As the relationship progressed Eberhard gave me free rein until we reached the point where I would turn up at the studio, open the place up, start the tape machines rolling, and record myself. The studio was at the side of an old hall called the Burgerbrau, infamous as one of the places where Hitler had made early speeches on his way to power and in fact the scene of an assassination attempt on his life. One of his enemies had packed the place with dynamite, intending to blow him to kingdom come while making his speech, but unfortunately Hitler finished early and left, and so history unfolded in the way we know.

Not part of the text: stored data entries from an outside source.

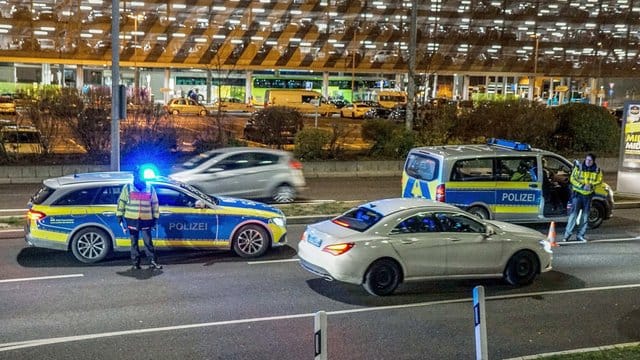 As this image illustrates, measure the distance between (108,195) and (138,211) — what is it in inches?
42.7

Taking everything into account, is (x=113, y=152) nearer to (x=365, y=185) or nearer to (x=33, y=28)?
(x=365, y=185)

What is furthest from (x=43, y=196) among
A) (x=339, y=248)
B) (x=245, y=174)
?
(x=245, y=174)

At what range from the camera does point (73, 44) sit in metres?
64.4

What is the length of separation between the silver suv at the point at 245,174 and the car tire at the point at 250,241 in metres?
4.81

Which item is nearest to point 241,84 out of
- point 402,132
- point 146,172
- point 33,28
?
point 33,28

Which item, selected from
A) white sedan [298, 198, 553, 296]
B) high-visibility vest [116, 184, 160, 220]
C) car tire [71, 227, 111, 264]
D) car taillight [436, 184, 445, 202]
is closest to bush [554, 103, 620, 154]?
car taillight [436, 184, 445, 202]

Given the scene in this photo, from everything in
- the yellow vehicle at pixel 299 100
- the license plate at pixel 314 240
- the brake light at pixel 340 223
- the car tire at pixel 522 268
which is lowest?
the car tire at pixel 522 268

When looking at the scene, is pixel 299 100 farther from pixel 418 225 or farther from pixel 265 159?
pixel 418 225

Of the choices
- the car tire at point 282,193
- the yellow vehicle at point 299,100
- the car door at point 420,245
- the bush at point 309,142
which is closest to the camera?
the car door at point 420,245

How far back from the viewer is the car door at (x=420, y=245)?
984cm

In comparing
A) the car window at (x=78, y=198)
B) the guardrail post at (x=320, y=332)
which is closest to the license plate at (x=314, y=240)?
the car window at (x=78, y=198)

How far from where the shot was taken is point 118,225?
11.4 m

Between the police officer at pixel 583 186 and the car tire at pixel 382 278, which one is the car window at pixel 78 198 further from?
the police officer at pixel 583 186

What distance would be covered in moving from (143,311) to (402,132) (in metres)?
18.9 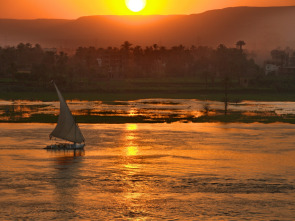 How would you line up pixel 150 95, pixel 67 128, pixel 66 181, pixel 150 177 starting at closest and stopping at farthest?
pixel 66 181
pixel 150 177
pixel 67 128
pixel 150 95

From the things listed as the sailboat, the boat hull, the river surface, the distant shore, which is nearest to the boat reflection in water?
the river surface

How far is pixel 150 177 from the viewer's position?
52469 millimetres

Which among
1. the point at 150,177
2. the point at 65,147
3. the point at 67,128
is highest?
the point at 67,128

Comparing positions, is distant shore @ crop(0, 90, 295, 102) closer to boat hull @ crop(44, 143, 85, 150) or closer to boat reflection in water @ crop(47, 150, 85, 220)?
boat hull @ crop(44, 143, 85, 150)

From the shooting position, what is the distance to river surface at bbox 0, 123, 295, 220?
42.1 m

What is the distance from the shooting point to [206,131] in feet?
286

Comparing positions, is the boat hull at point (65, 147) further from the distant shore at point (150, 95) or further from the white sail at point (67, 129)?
the distant shore at point (150, 95)

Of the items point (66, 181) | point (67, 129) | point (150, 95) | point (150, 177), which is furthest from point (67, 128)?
point (150, 95)

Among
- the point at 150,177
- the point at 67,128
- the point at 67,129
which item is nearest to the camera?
the point at 150,177

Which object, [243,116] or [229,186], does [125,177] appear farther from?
[243,116]

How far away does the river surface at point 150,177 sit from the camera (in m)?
42.1

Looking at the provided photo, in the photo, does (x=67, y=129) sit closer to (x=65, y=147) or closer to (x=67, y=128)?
→ (x=67, y=128)

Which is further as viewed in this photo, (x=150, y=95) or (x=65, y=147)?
(x=150, y=95)

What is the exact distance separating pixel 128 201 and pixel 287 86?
158 metres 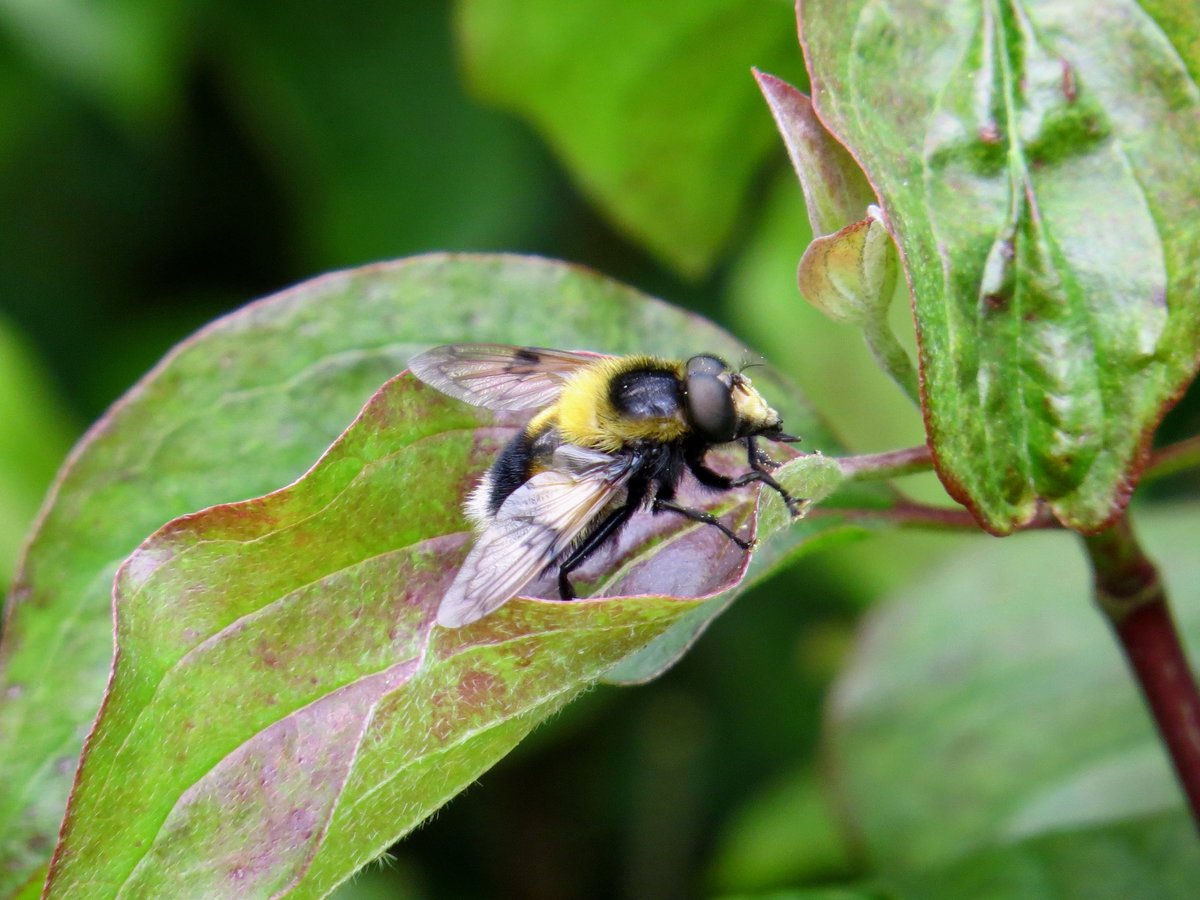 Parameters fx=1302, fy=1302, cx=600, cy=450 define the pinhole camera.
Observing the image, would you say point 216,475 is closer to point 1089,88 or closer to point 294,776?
point 294,776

Each day as I wandered in with my guitar I would stare up at that stage and try to feel the evil vibes coming from the spot where he stood, but actually I didn't feel anything much. Outside, though, it was different. There was a cafe attached to the building; sitting at the tables were many men in their sixties or seventies, all wearing dark glasses and all in competition for the number one Dr. Strangelove look-alike. They would sit there silently in the pale Bavarian sunlight, staring off into the distance, perhaps dreaming of the former cruelty and power they had once enjoyed.
Occasionally you would see them smirking to themselves as they raised yet another cup of bitter German kaffe to their thin lips or speared a hapless bratwurst, the other black-gloved hand desperately gripping a chain attached to the panting throats of a Rottweiler, Alsatian, or other weird breed of Bavarian killer dog. There was no question that beneath the thin veneer of respectability, they were Nazis. I made a few discreet inquiries and, sure enough, there were places around town where they had secret meetings and paid homage to the swastika. It hadn't gone away but had merely gone underground, presumably until the Fiihrer rose once again. I would sit there alone at lunchtime, forking up a plate of sauerkraut, feeling a strange mix of a giggle fit and fearful humor.
My story told, Stewart and I drive all the way across France, studying the map and rambling on about our possible future. We arrive in Munich in the early evening, make our confused way to Schwabing, and are greeted warmly by Eberhard. Over dinner we tell him about our terrific bass player Stingwhat about him? Can we include him? In an expansive mood, Eberhard agrees that maybe we should have him along as well. We call Sting in London-apart from the small matter of abandoning my car in Dover, he has gotten there fine-and tell him to get the first plane out in the morning. Two nights later we are in a circus tent in the center of Munich. This gig with an opera singer, electronic keyboards, and an acrobat (plus a rock band) has a Fellini aspect to it. Well, I think, I dreamed of running away with the circus, but this is ridiculous. Sting sings some stuff for Eberhard, who is very impressed and immediately uses his voice in the show. He asks me about Sting: where did he come from.? Wonderful voice, but he's like a child-so quiet, so mysterious. Clearly Eberhard is fascinated by this wunderkind. We form a relationship with Eberhard and quickly establish ourselves as German circus performers.